[Collected data entries]
★ ★ ★
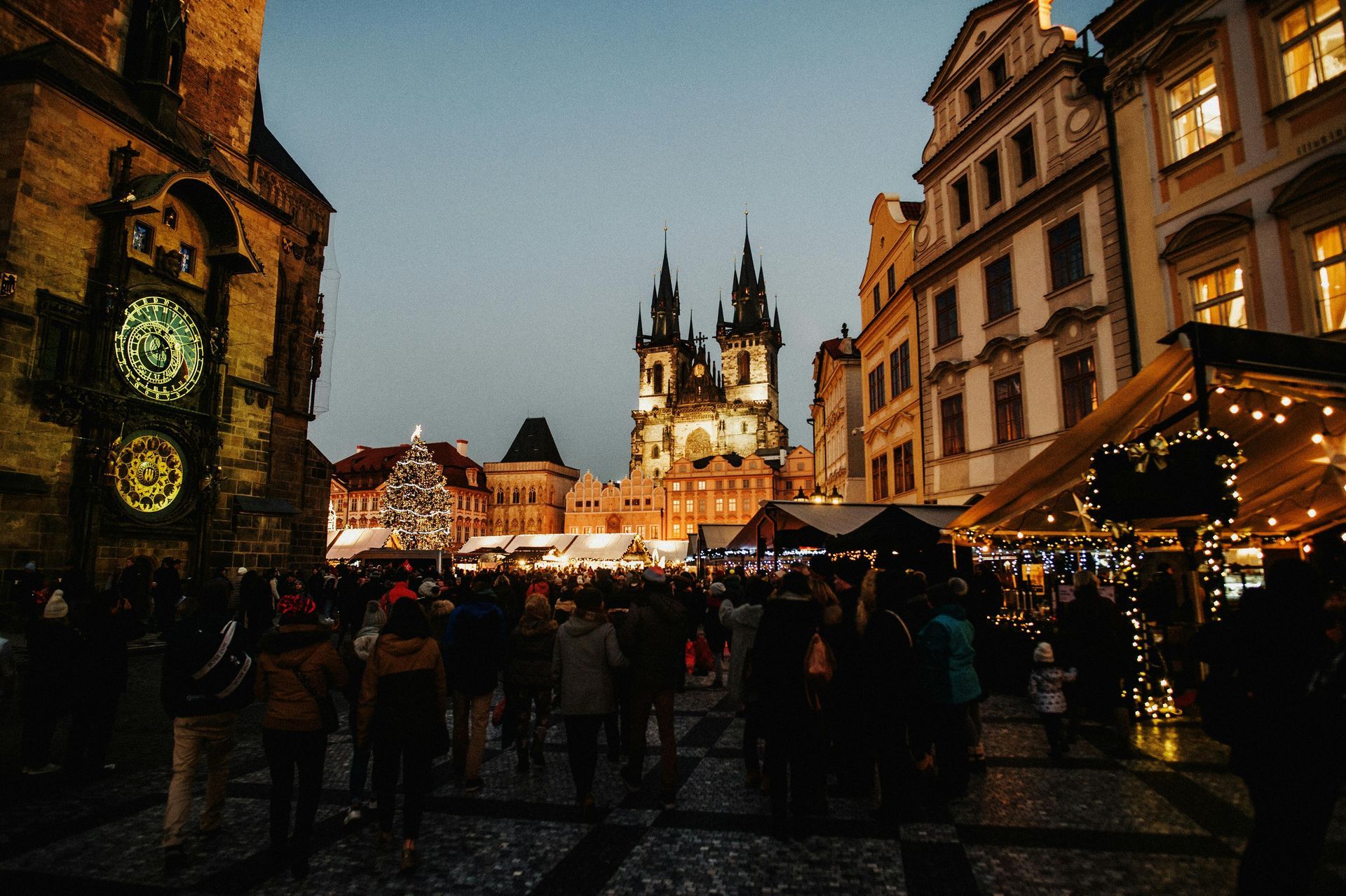 Prague Christmas market in Old Town Square with Gothic spires, fantasy winter travel and cozy winter destination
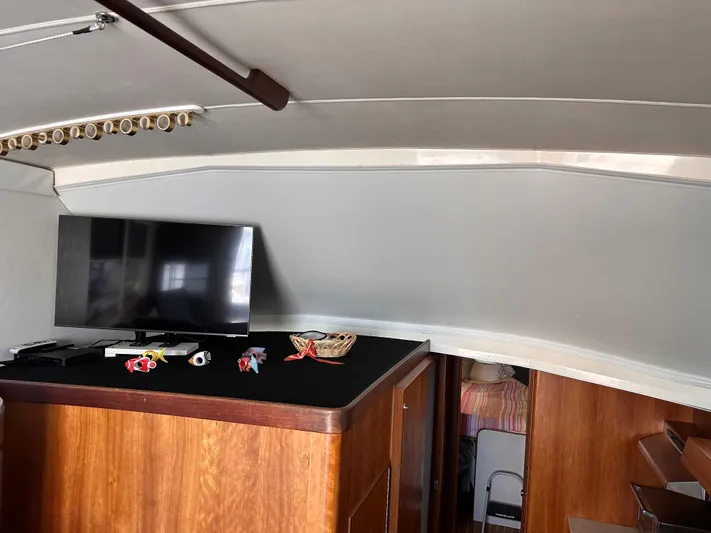 Kemo Sabe Yacht Photos Pics Interior of 1981 Bertram 45 Convertible yacht with TV and wooden cabinetry.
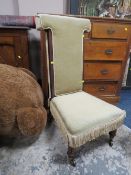 AN ANTIQUE MAHOGANY FRAMED PRAYER CHAIR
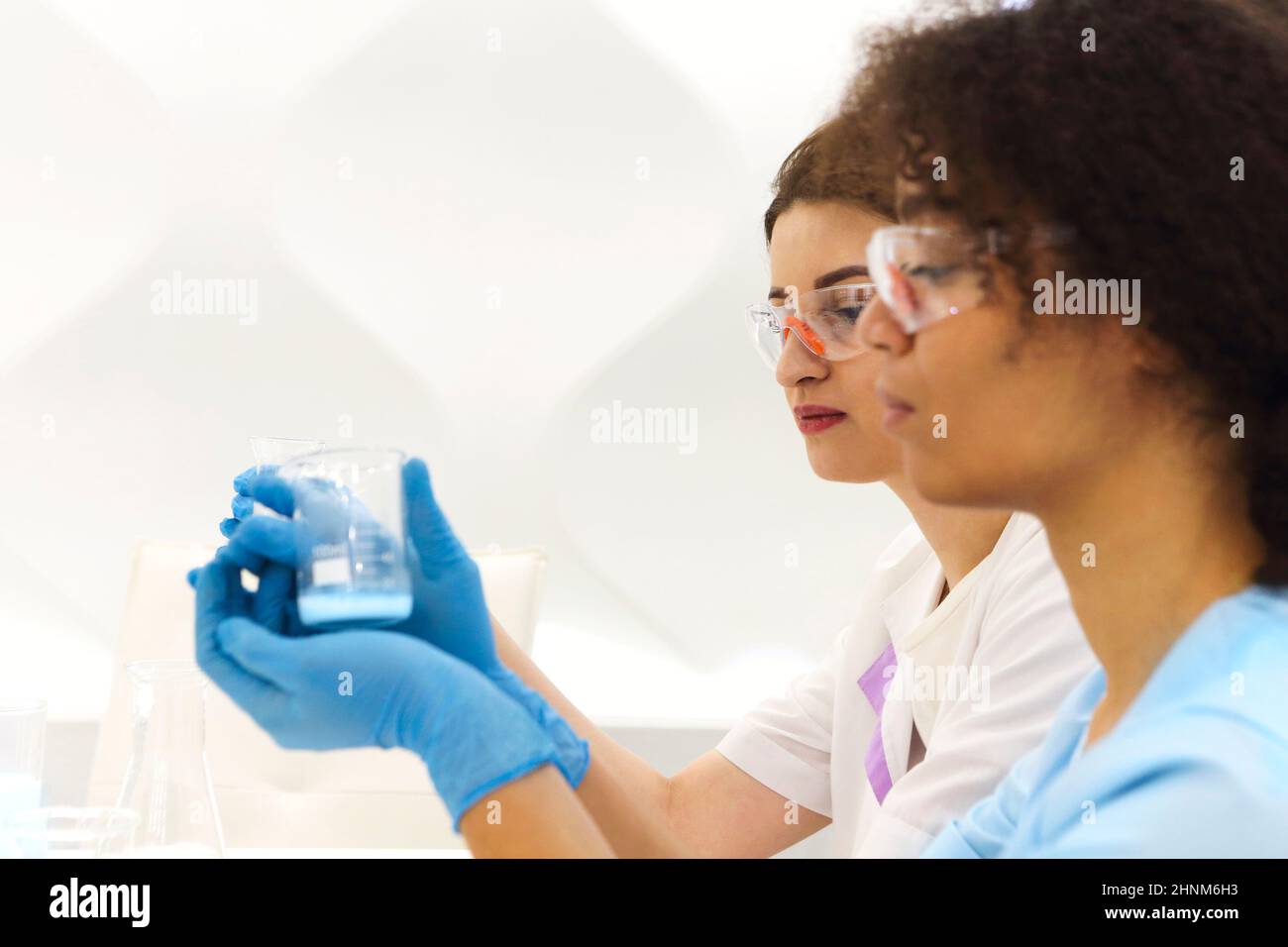 Laboratoire de test COVID-19. Deux femmes scientifiques de laboratoire médical collègues portant des lunettes travaillant avec des tubes à essai, multi-ethnique étudiants diplômés travail Banque D'Images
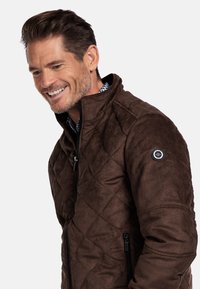 Bruine gewatteerde jas met hoge kraag, zijzakken met rits en een cirkelvormig logo-accent op de linker mouw. Zachte textuur.
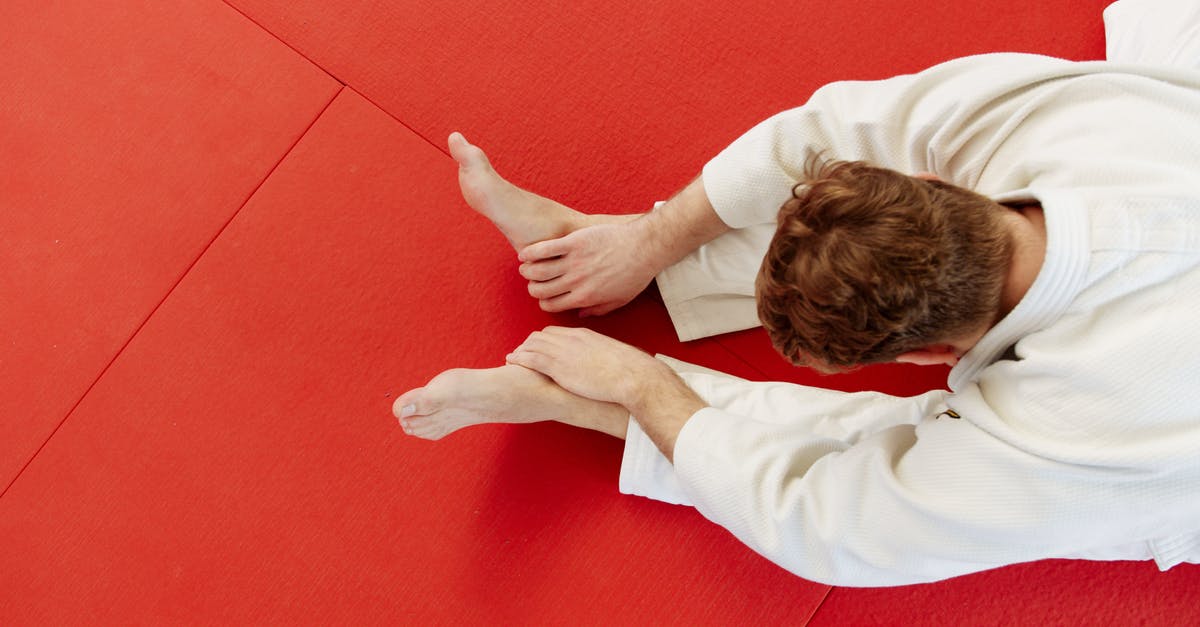 Meet a master swordsmith in Japan - Woman in White Long Sleeve Shirt Lying on Red Floor Meet a master swordsmith in Japan - Woman in White Long Sleeve Shirt Lying on Red Floor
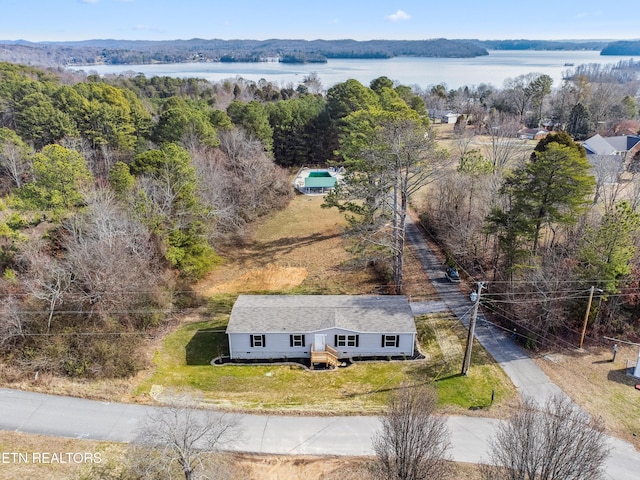 birds eye view of property featuring a water view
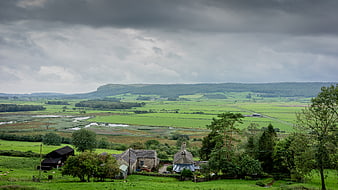 Scenic rural valley landscape with stone farmhouses and green fields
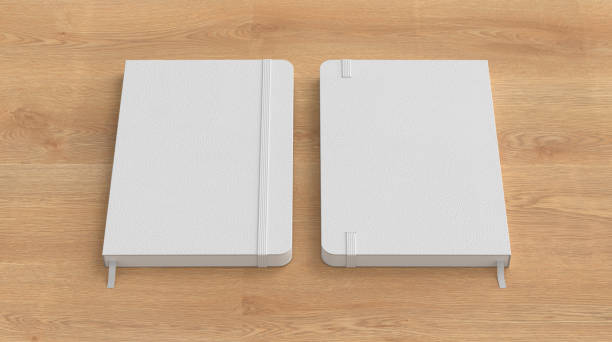 istock White cover notebook mockup on wooden background 1730078807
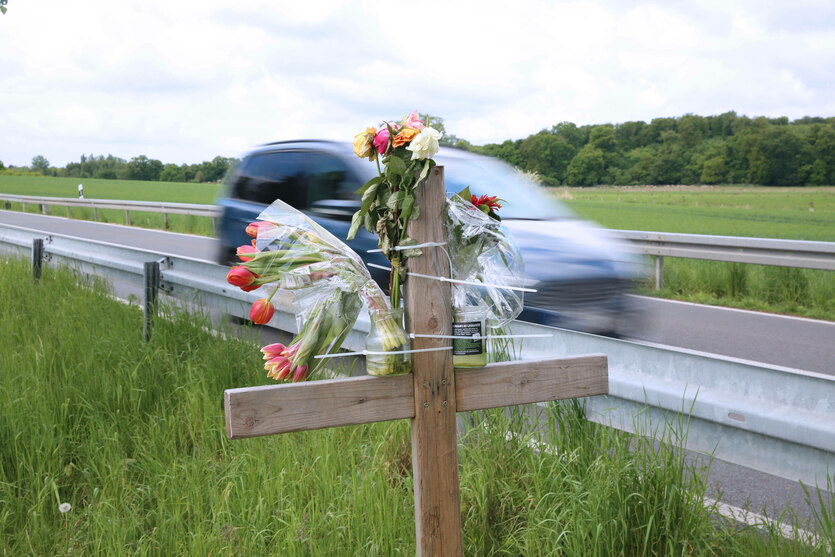 Ein Kreuz mit Blumen an einer Landstraße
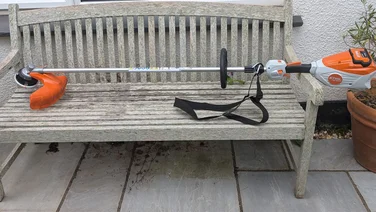 Stihl FSA 80R cordless strimmer on a garden bench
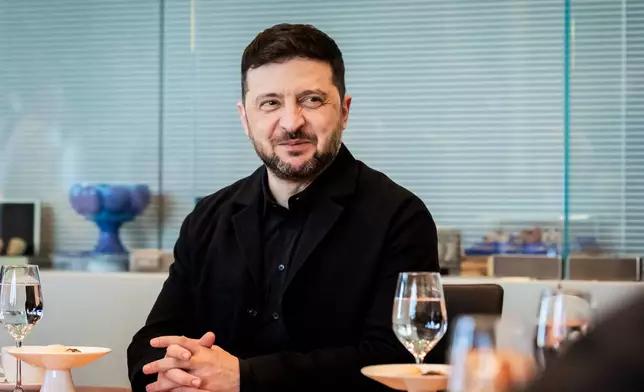 Ukraine's President Volodymyr Zelenskyy smiles during a visit of the German federal parliament, Bundestag, in the Reichstag building in Berlin, Germany, Monday, Dec. 15, 2025. (Christoph Soeder/dpa via AP)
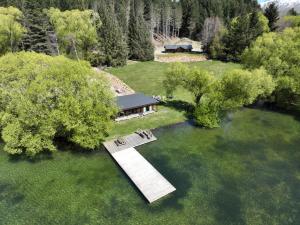 an overhead view of a house in a field with trees at Blue Mountain Lake Lodge in Fairlie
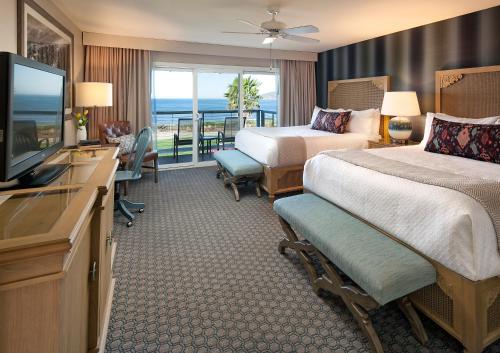 um quarto de hotel com duas camas e uma televisão de ecrã plano em Spyglass Inn em Pismo Beach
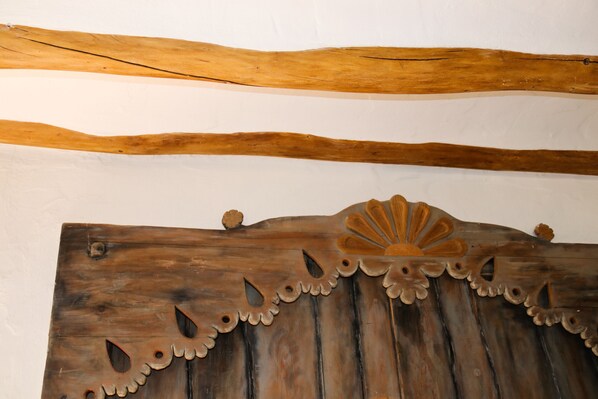 A wooden panel with a decorative design, featuring a scalloped edge and a central fan-like pattern.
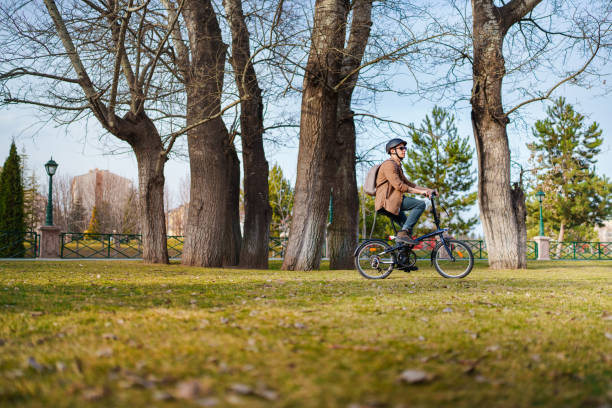 istock Man wearing helmet, riding bicycle in park. 1471739522
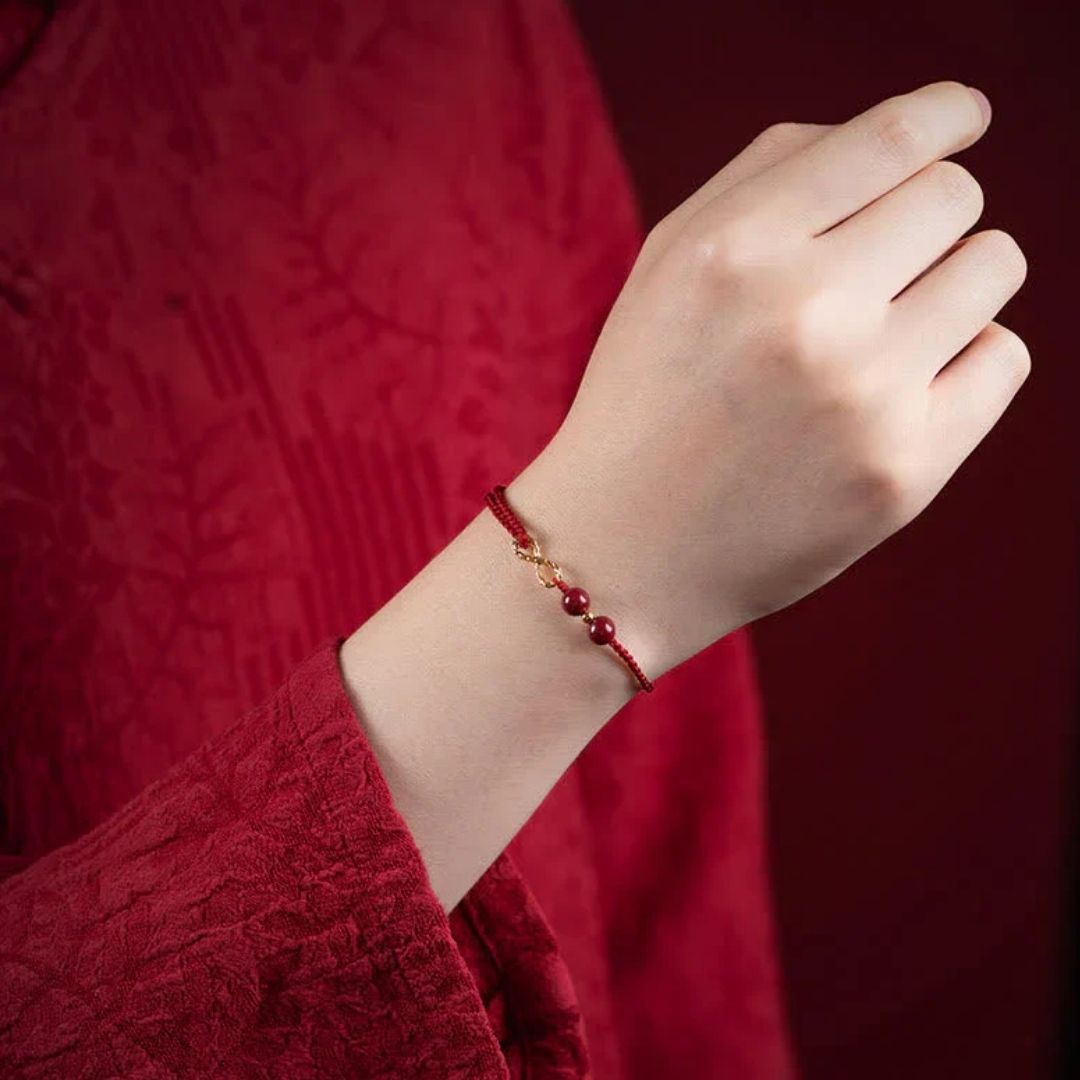 Una mano lleva una Pulsera de amor infinito - Para Él y para Ella, con cuentas doradas y rojas, vestida con tela roja texturizada y sobre un fondo rojo a juego.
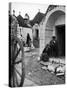 Locals Outside Trulli Homes Made from Limestone Boulders and Feature Conical or Domed Roofs-Alfred Eisenstaedt-Stretched Canvas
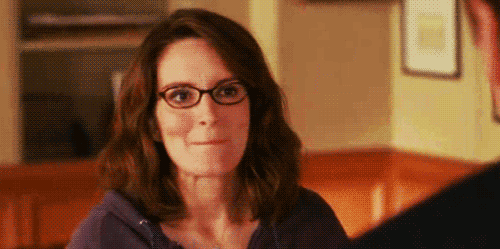 Liz-Lemon-Bites-Her-Tongue-In-Restraint-On-30-Rock.gif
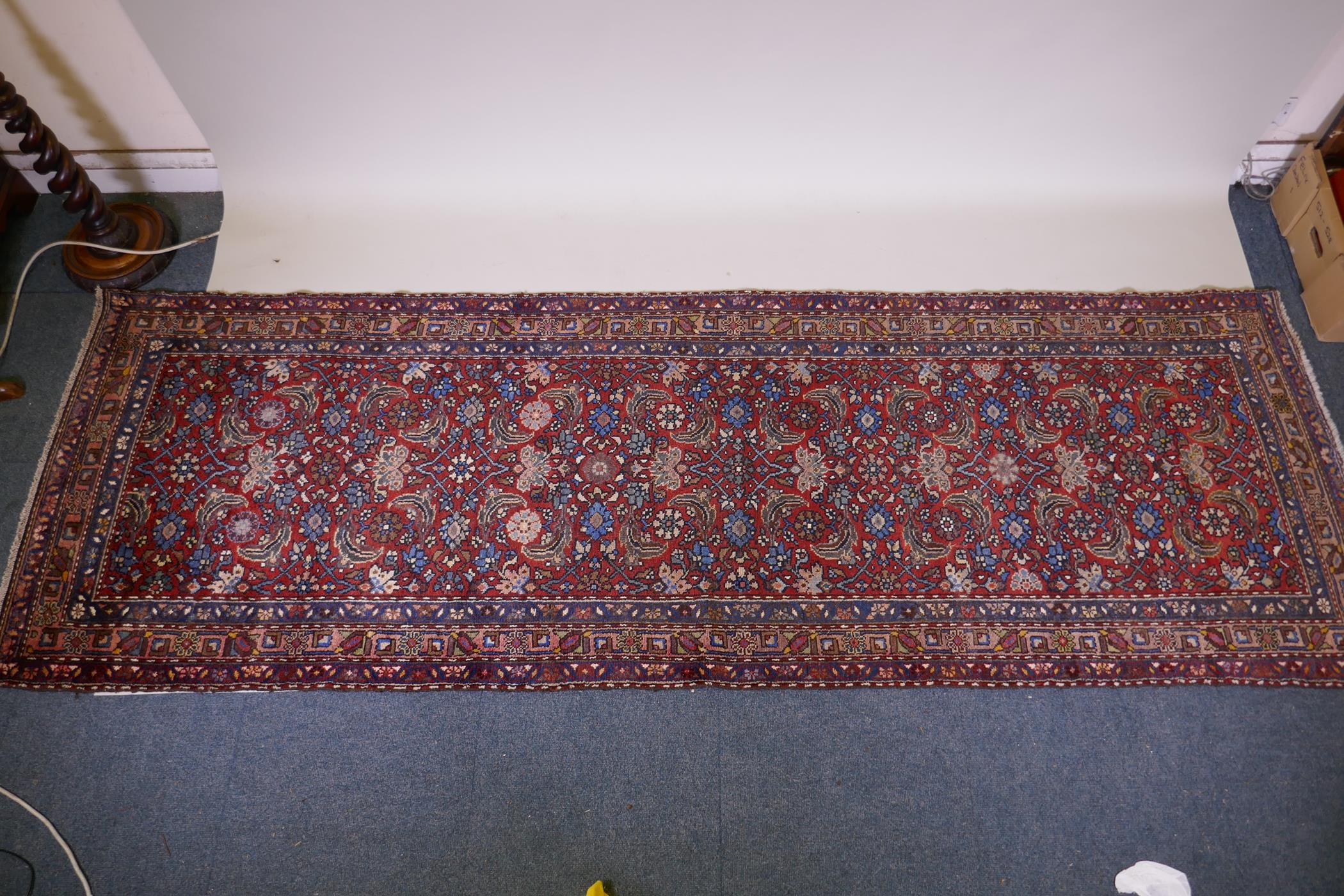 A hand woven red ground Persian Hamadan nomadic runner with an allover floral design, 102 x 310cm - Image 2 of 6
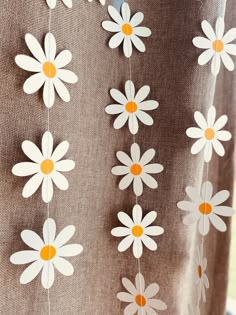 white and orange flowers are hanging from the side of a curtain with yellow centers on it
★ ★ ★
## What you are asked to do:
Please take the lines from the beginning of the data above through the line holding "Red Floor Meet" and transcribe them exactly, without any pictures.

## Exercise response:
 Prague Christmas market in Old Town Square with Gothic spires, fantasy winter travel and cozy winter destination
 Kemo Sabe Yacht Photos Pics Interior of 1981 Bertram 45 Convertible yacht with TV and wooden cabinetry.
 AN ANTIQUE MAHOGANY FRAMED PRAYER CHAIR
 Laboratoire de test COVID-19. Deux femmes scientifiques de laboratoire médical collègues portant des lunettes travaillant avec des tubes à essai, multi-ethnique étudiants diplômés travail Banque D'Images
 Bruine gewatteerde jas met hoge kraag, zijzakken met rits en een cirkelvormig logo-accent op de linker mouw. Zachte textuur.
 Meet a master swordsmith in Japan - Woman in White Long Sleeve Shirt Lying on Red Floor Meet a master swordsmith in Japan - Woman in White Long Sleeve Shirt Lying on Red Floor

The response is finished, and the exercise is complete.